On January 19, 1926, José Alfredo was born in Dolores Hidalgo, the cradle of the Mexican Revolution from which the priest Hidalgo launched his insurgent flame in 1810. The son of a chemist and a housewife who ran a pharmacy, his life was cut short when he was 10 years old and his father died prematurely. After selling the business and all its assets, the family moved with relatives to the country's capital to set up a grocery store that did not prosper. José Alfredo was then forced to leave his studies to work and help with the family economy. He worked as a waiter and had a brief career in professional football as a goalkeeper for Oviedo, a club in the popular colony of Santa María de la Ribera.

José Alfredo Jiménez with Agustín Lara and Jorge MuñizArchive

footballer

Antonio Carbajal, the only Mexican footballer to play in five World Cups, shared a team with the young composer and, as he revealed in an interview, "when we least thought about it, we turned around and he was gone. Inspiration would come to him and he would go to write there."

It didn't take long for Jiménez to abandon his place under the arches to try his luck as a waiter in several canteens. That's where his relationship with music began: he wrote his first lyrics and learned from the best mariachis in the capital. In 1948, accompanied by the trio Los Rebeldes, he made his radio debut and two years later, he released Yo, the first of a long list of recognized hits with more than 100 international awards, including 16 gold records.
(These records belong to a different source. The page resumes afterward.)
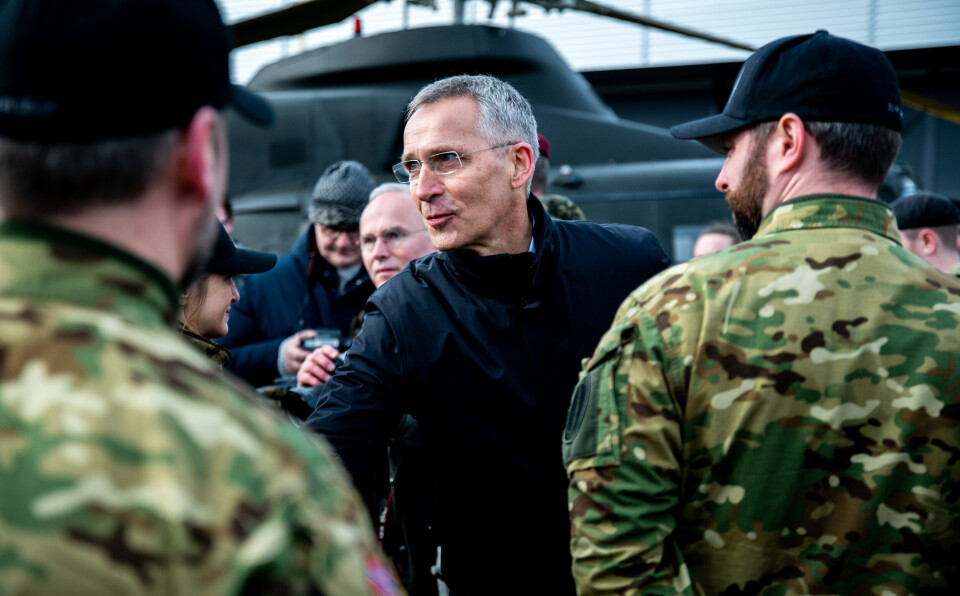ØVELSE: Jens Stoltenberg under Cold Response 2022. Nå ønsker generalsekretæren mer våpen til Ukraina.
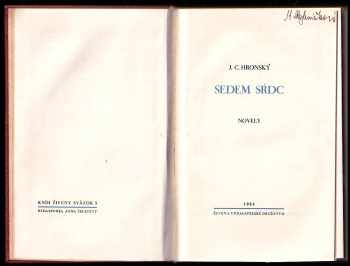 Jozef Cíger Hronský: Sedem sŕdc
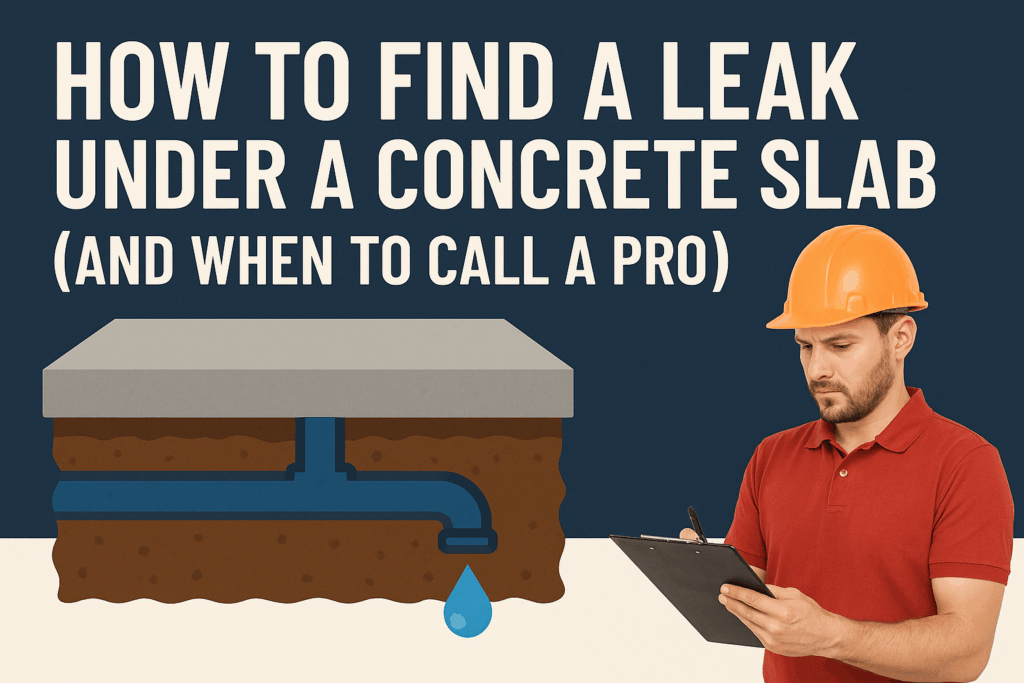 How to Find a Leak Under a Concrete Slab (and When to Call a Pro ...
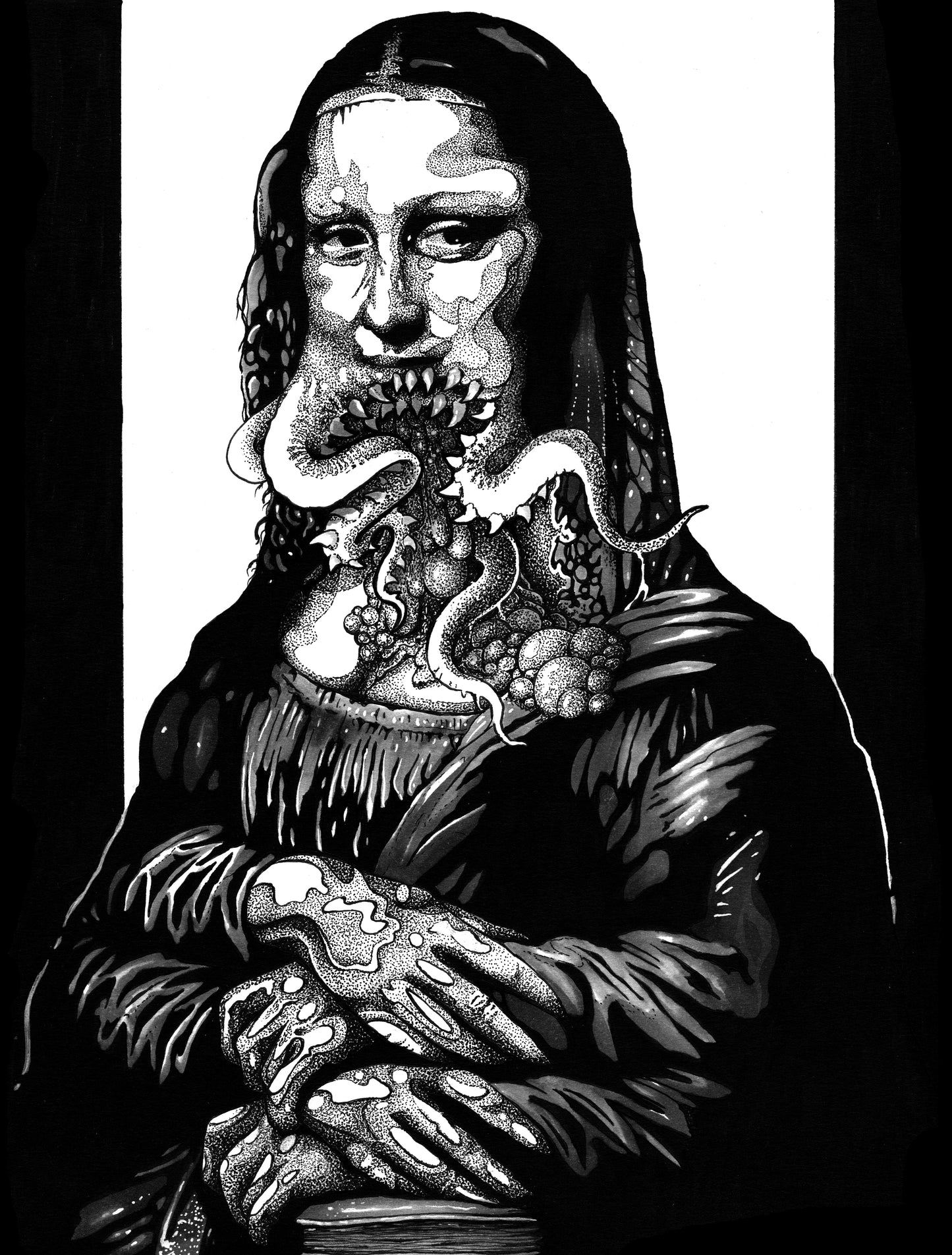 (Original) Monsta Lisa / Tribute to Leonardo da Vinci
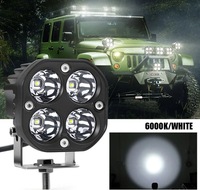 Phares avant de moto de 3 pouces 40W, feux antibrouillard LED à 4 lentilles, étanches IP67, garantie 1 an pour les camions 4x4 tout-terrain/SUV/ATV
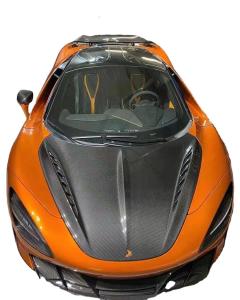 Wholesale For McLaren 720S Carbon Fiber Hood 720S Upgraded Top-style Carbon Fiber Hood Engine Cover from china suppliers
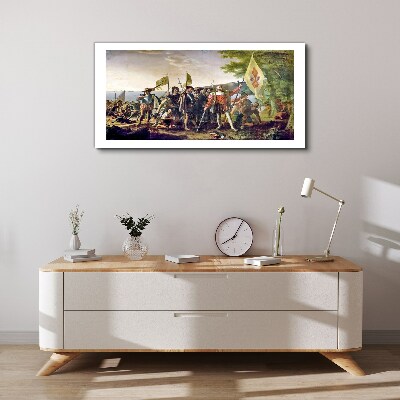 Conquest of the New World Canvas wall art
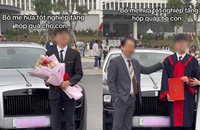 Thực hư thông tin 'Bố tặng con xe Roll Royce' trong lễ tốt nghiệp ở Phú Thọ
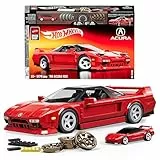 ​Mattel Brick Shop Hot Wheels Elite Serie Bauset, ’90 Acura NSX mit 876 Teilen, realistischen Details und individuellen Aufklebern, für Sammler und Kinder ab 10 Jahren, JFT17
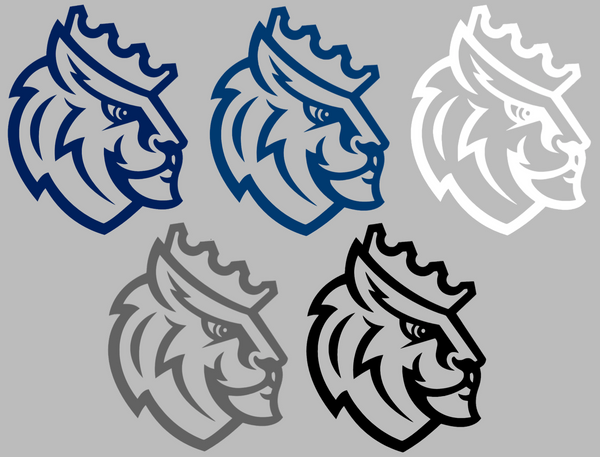 Queens Royals Alternate Logo Premium DieCut Vinyl Decal PICK COLOR & SIZE
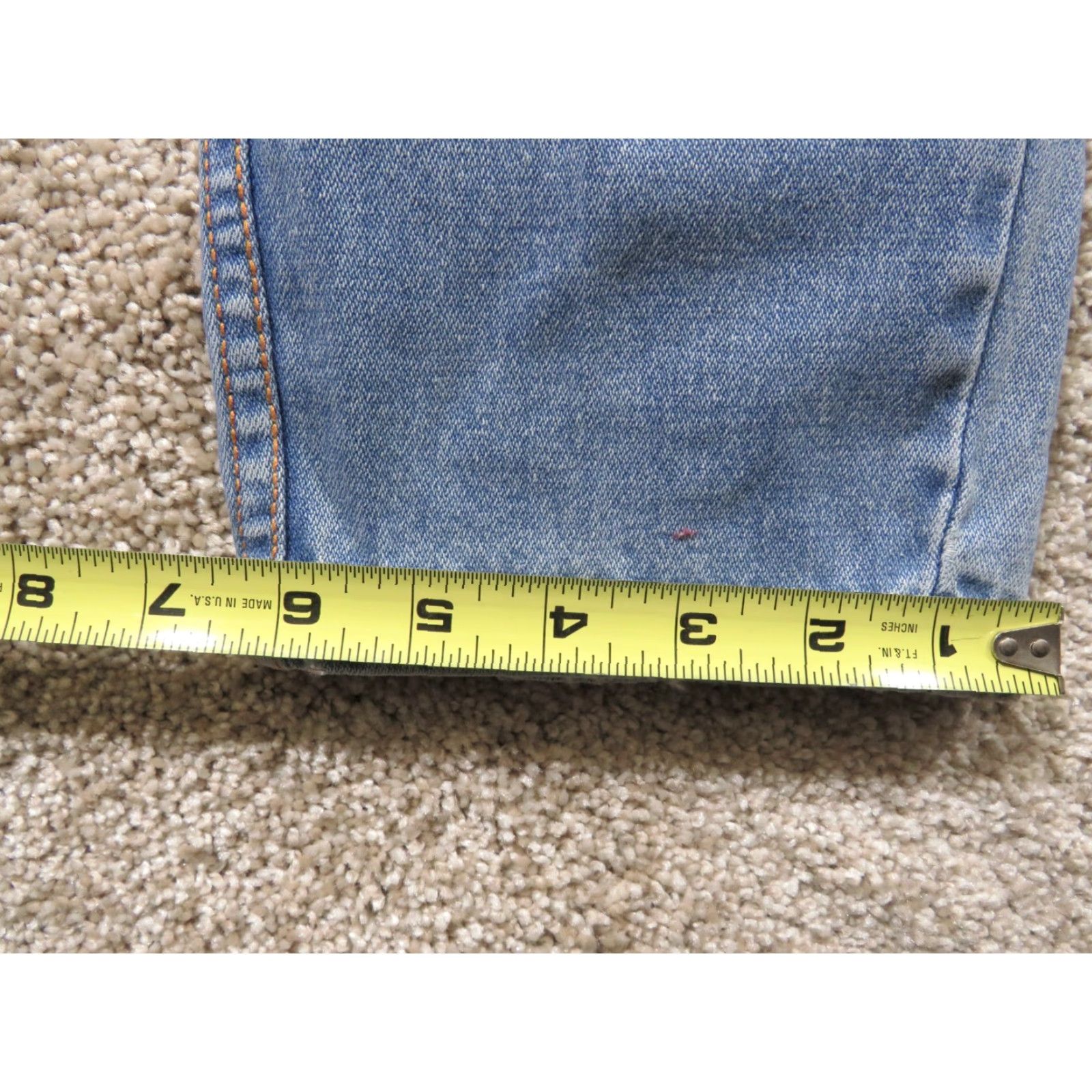 J Brand VINTAGE AJ Brandon Jeans Women 10 27x30 High-Rise Mom Denim Western 80s 90s Retro Cowgirl Western Casual Size 32" / US 10 / IT 46 - 6 Thumbnail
Singer José Alfredo Jiménez with his guitarArchive

Joaquín Sabina explained that with José Alfredo Jiménez "what happens with the greats of song happens: you do know who he is, but you don't know that you know him". The great artists of his time fought over his compositions, which covered a wide range of genres, such as the bolero, the corrido, the ballad or the huapango. Among others, he wrote lyrics for Jorge Negrete, Pedro Infante, Javier Solís and the Spanish María Dolores Pradera. In the book When They Talk to You About Love and Illusions, the writer Juan Villoro argues that in Jiménez's songs "Mexico could see itself in the mirror. The resentment, the spite, the painful nostalgia, the revenge, the romantic idolatry, the unbridled need to love, the desire to cry to heart's content!" The singer also participated in several films of the golden age of Mexican cinema, such as Poker of Aces (1952) or Midnight Guitars (1958).

THE INHERITANCE

Jimenez was married three times and had six children, although only his firstborn followed in his footsteps in music, until he died two years ago of a heart attack. Currently, more than 30 relatives are fighting for the unknown and millionaire inheritance of the patron saint of the cantinas, which continues to grow thanks to the royalties of his compositions. Jiménez decided to leave his mother, siblings and nephews, as well as his third wife, Paloma Galván, as beneficiaries. Several of those people have already died, and that is why there are more than 30 heirs who are creditors of that fortune.

José Alfredo Jiménez and the Calaveras TrioArchive

The excesses with alcohol turned the last months of the artist's life into a real hell, bedridden in a hospital, suffering fainting spells and intense abdominal pains. Knowing that his death was imminent allowed him to make decisions about how he would have to be fired.

He refused to be buried in a pre-eminent place in the capital. He wanted to be in his hometown. His last will was fulfilled and these days, hundreds of followers have come to pay tribute to his grave, located under a huge multicolored structure in the shape of a charro hat, where you can read, as in the lyrics of his popular song Camino de Guanajuato: "Life is worth nothing."